- [What you should do]
When you return the lines below, go from the first through the line with "Toyota HARRIER HYBRID 2021-02 8362252-5", keep them exact, and leave out every picture.

[Short descriptive text snippets]
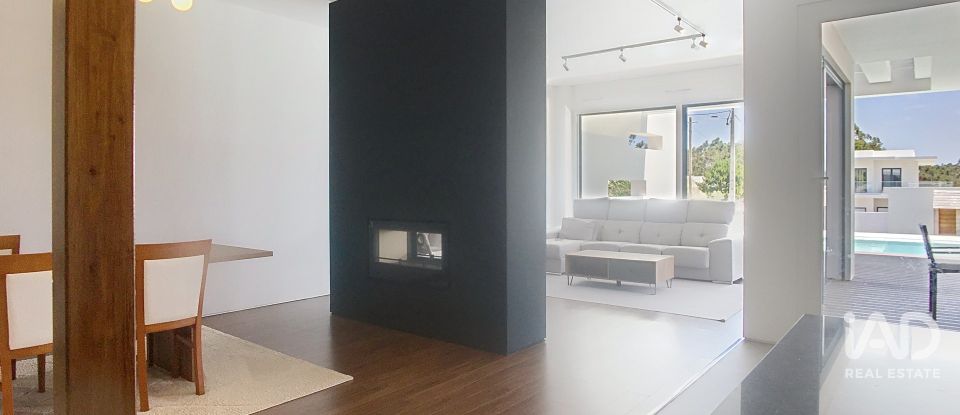 Moradia térrea T4 em Silveira de 250 m²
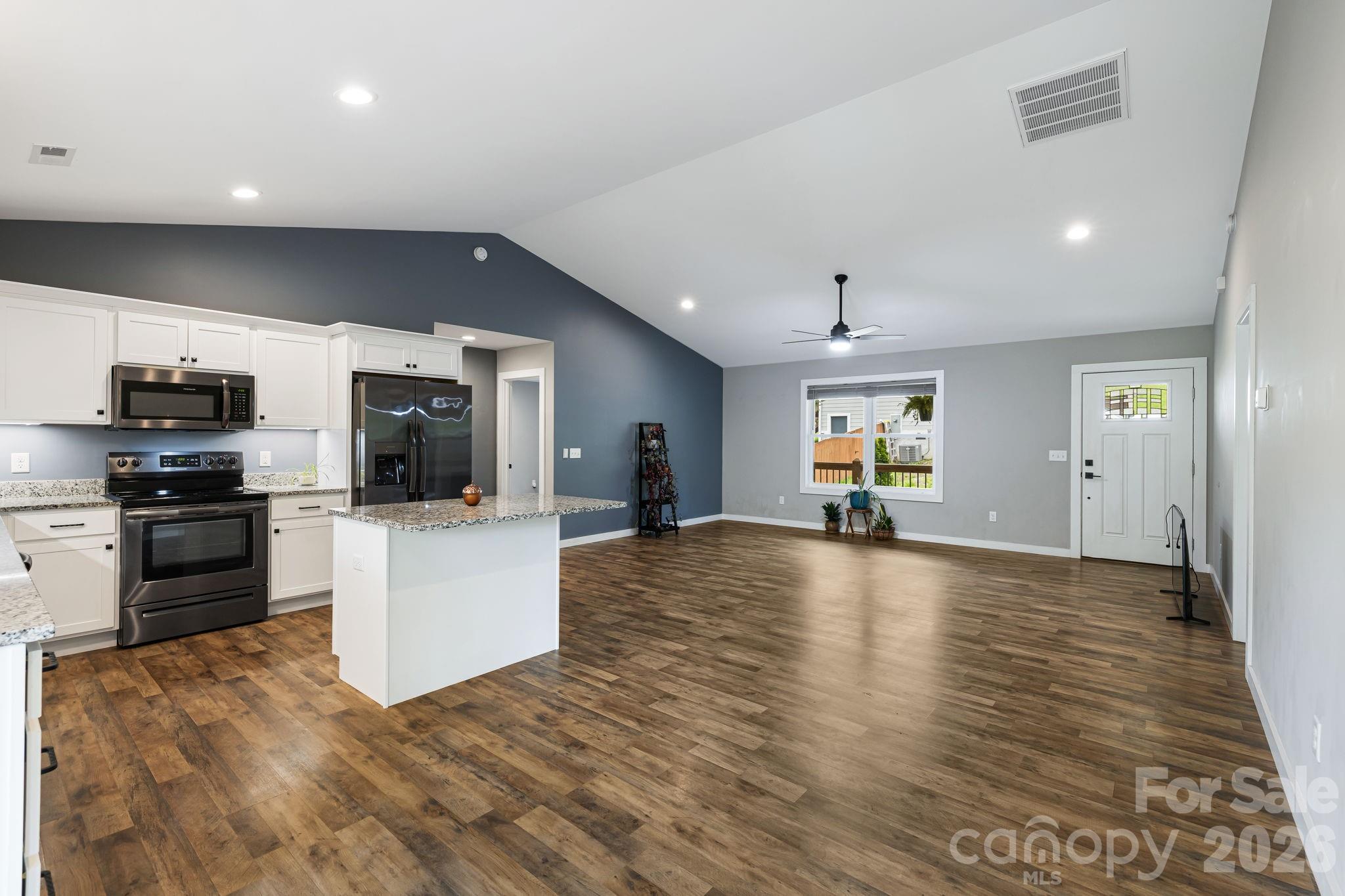923 Newfound Road — Leicester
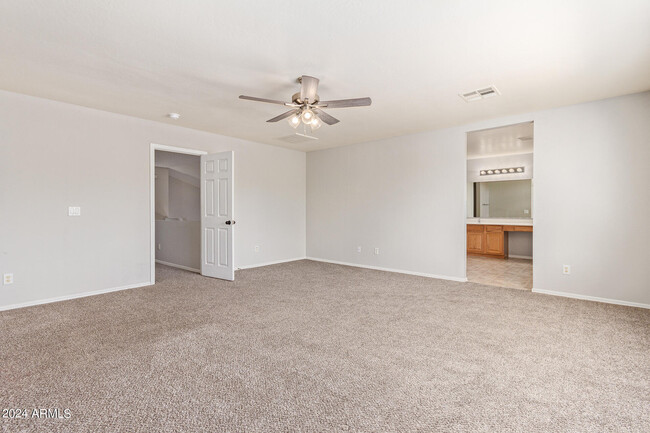 Building Photo - 1009 S 239th Dr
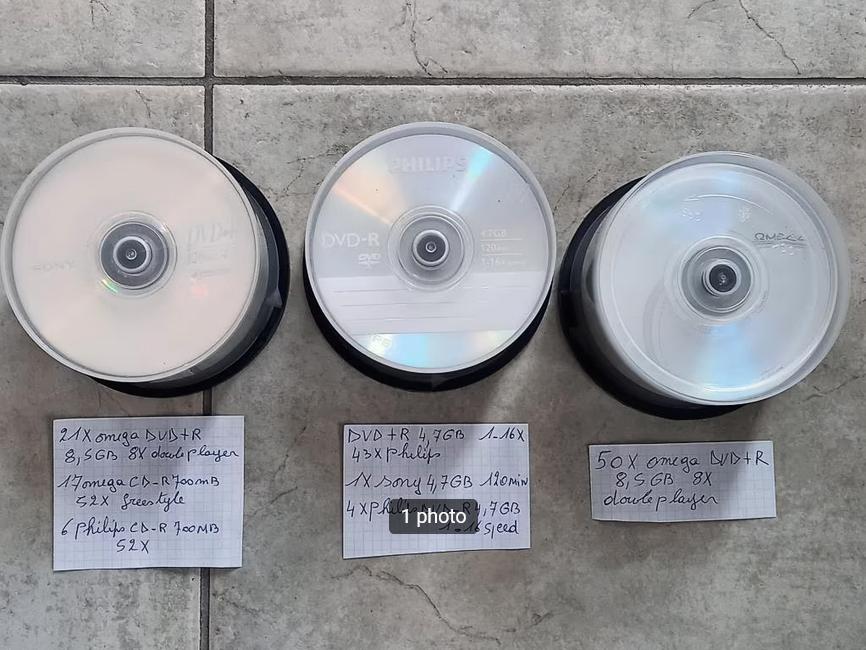 lot divers cloches dvd et cd enregistrable neuf, Informatique & Logiciels, Disques enregistrables, Neuf, Dvd, Double couche, Lightscribe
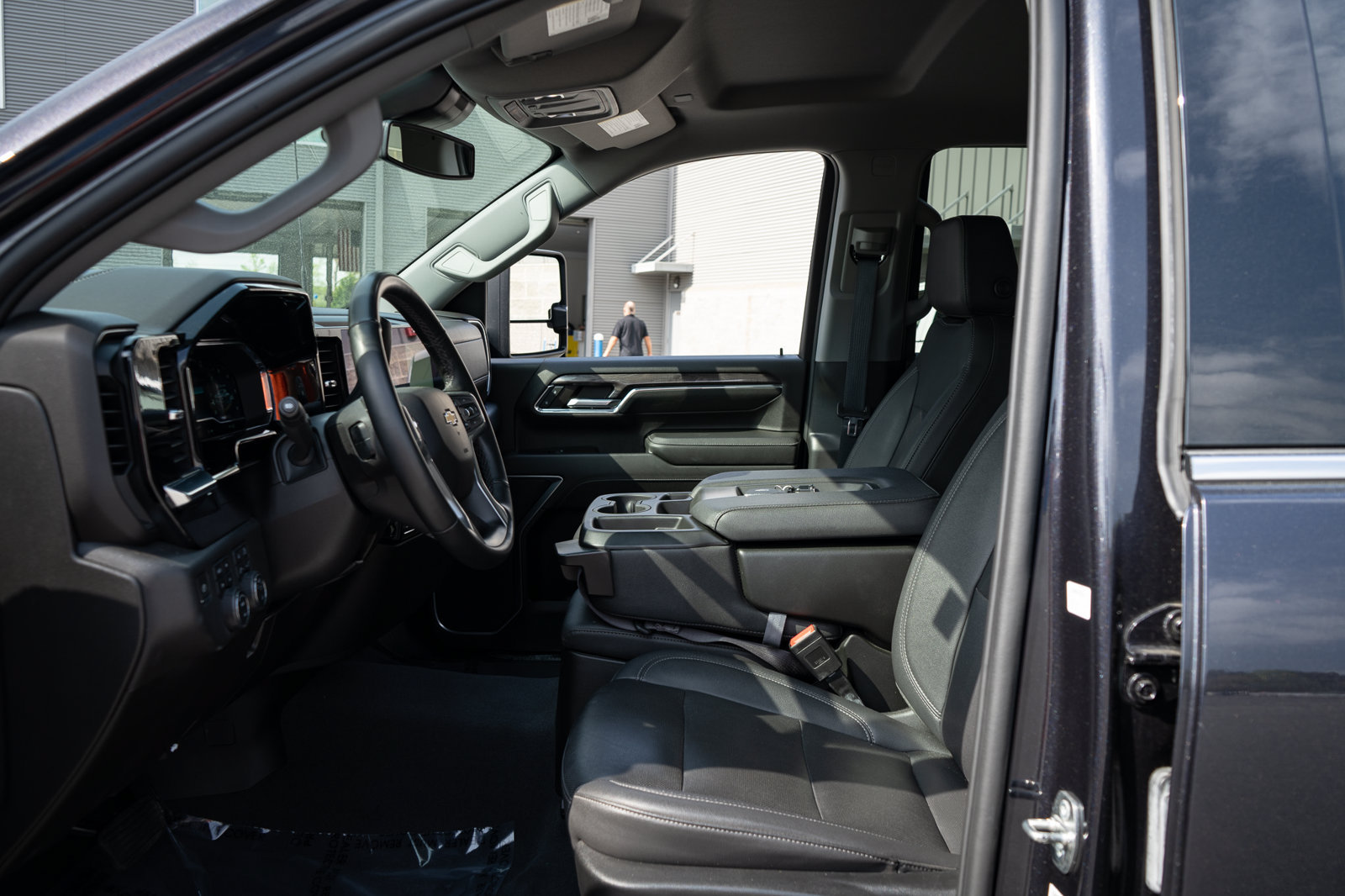 Used 2024 Chevrolet Silverado 2500 LTZ AWD/4WD image 14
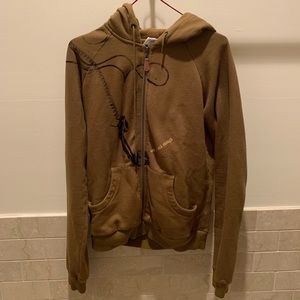 L Gwen Stefani’s LAMB hoodie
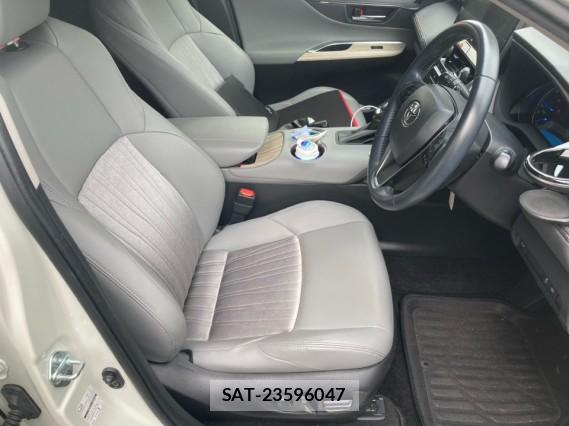 Toyota HARRIER HYBRID 2021-02 8362252-5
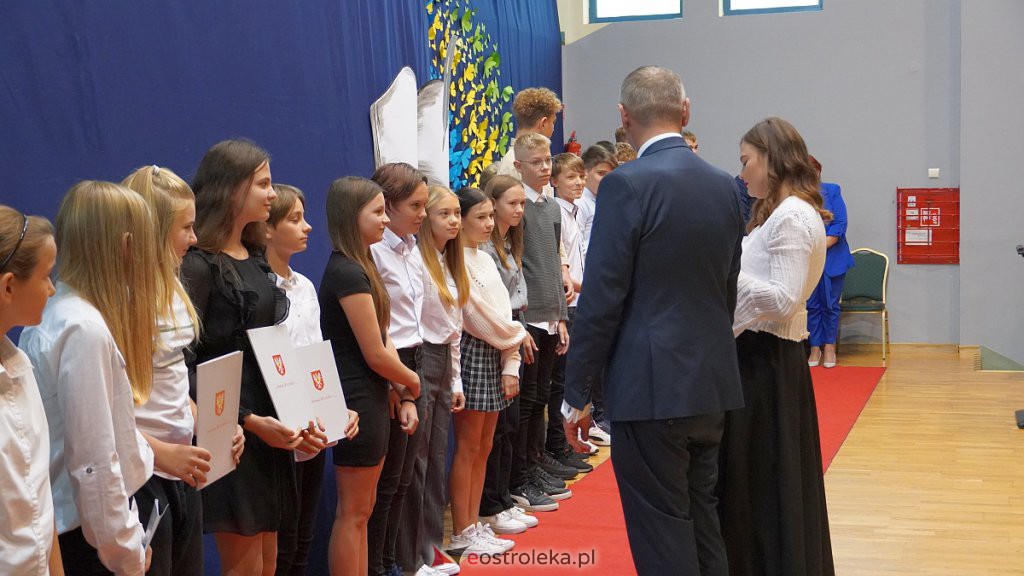Samorządowa Gala Uczniowska. Wyróżniono prawie 200 uczniów [28.09.2022] - zdjęcie #216 - eOstroleka.pl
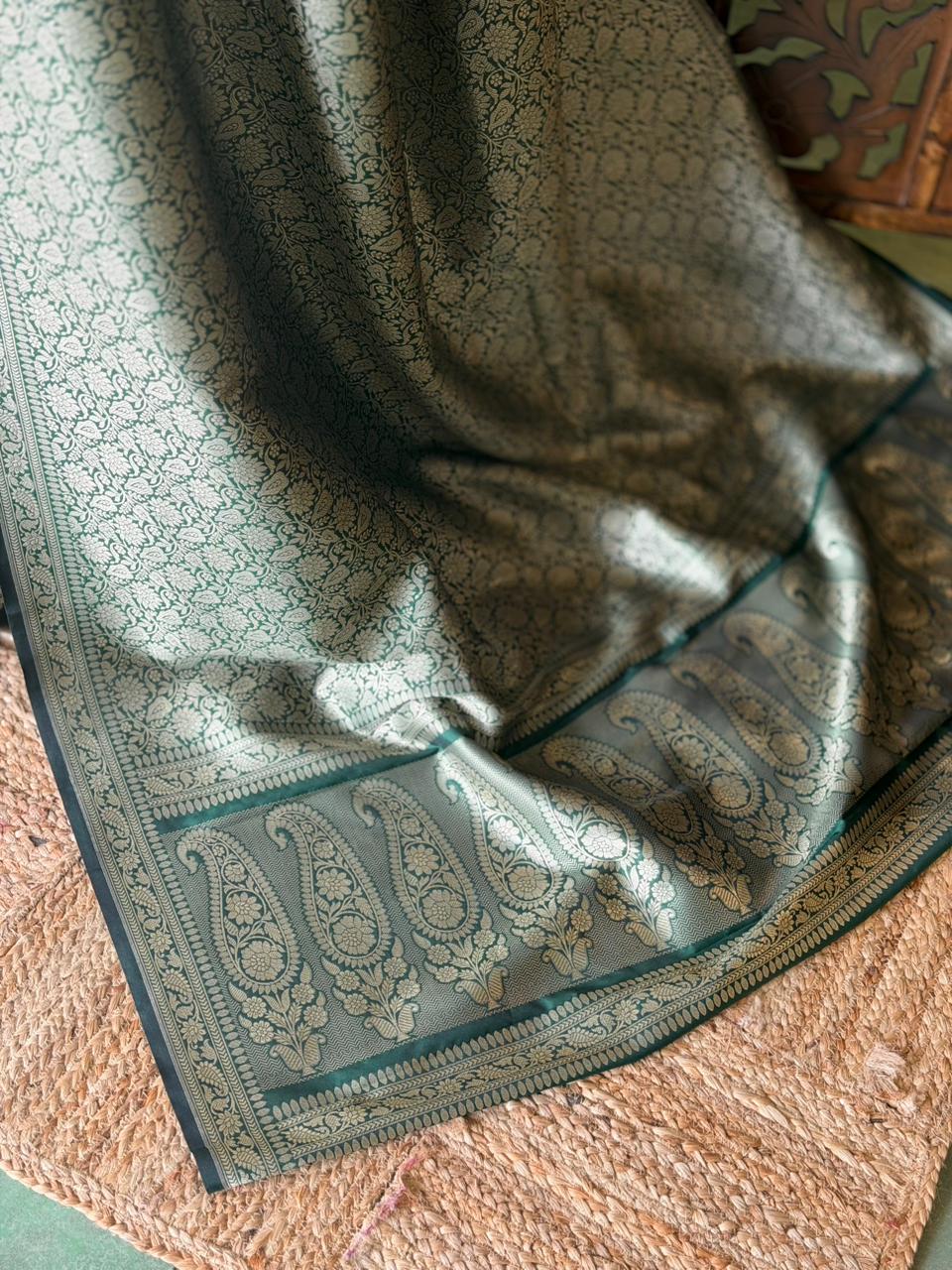 Dark Green Katan Banarasi silk saree - RAZ4B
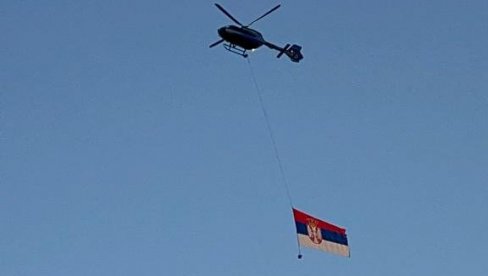 ПОЧАСНА ПАЉБА, КОЊИЦА, НАЛЕТ ХЕЛИКОПТЕРА: Како ће изгледати сутрашња прослава Дана српског јединства, слободе и националне заставе (ВИДЕО) ПОЧАСНА ПАЉБА, КОЊИЦА, НАЛЕТ ХЕЛИКОПТЕРА: Како ће изгледати сутрашња прослава Дана српског јединства, слободе и националне заставе (ВИДЕО)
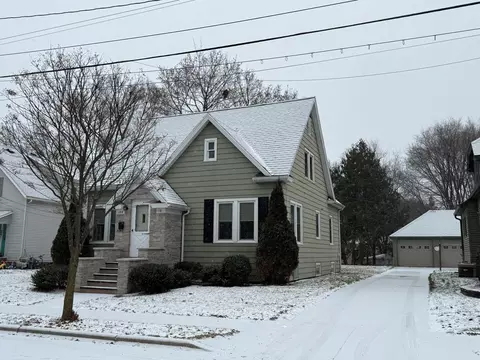 124 E Dall St, Shawano, WI 54166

- [Answer to this task]
 Moradia térrea T4 em Silveira de 250 m²
923 Newfound Road — Leicester
 Building Photo - 1009 S 239th Dr
 lot divers cloches dvd et cd enregistrable neuf, Informatique & Logiciels, Disques enregistrables, Neuf, Dvd, Double couche, Lightscribe
 Used 2024 Chevrolet Silverado 2500 LTZ AWD/4WD image 14
 L Gwen Stefani’s LAMB hoodie
 Toyota HARRIER HYBRID 2021-02 8362252-5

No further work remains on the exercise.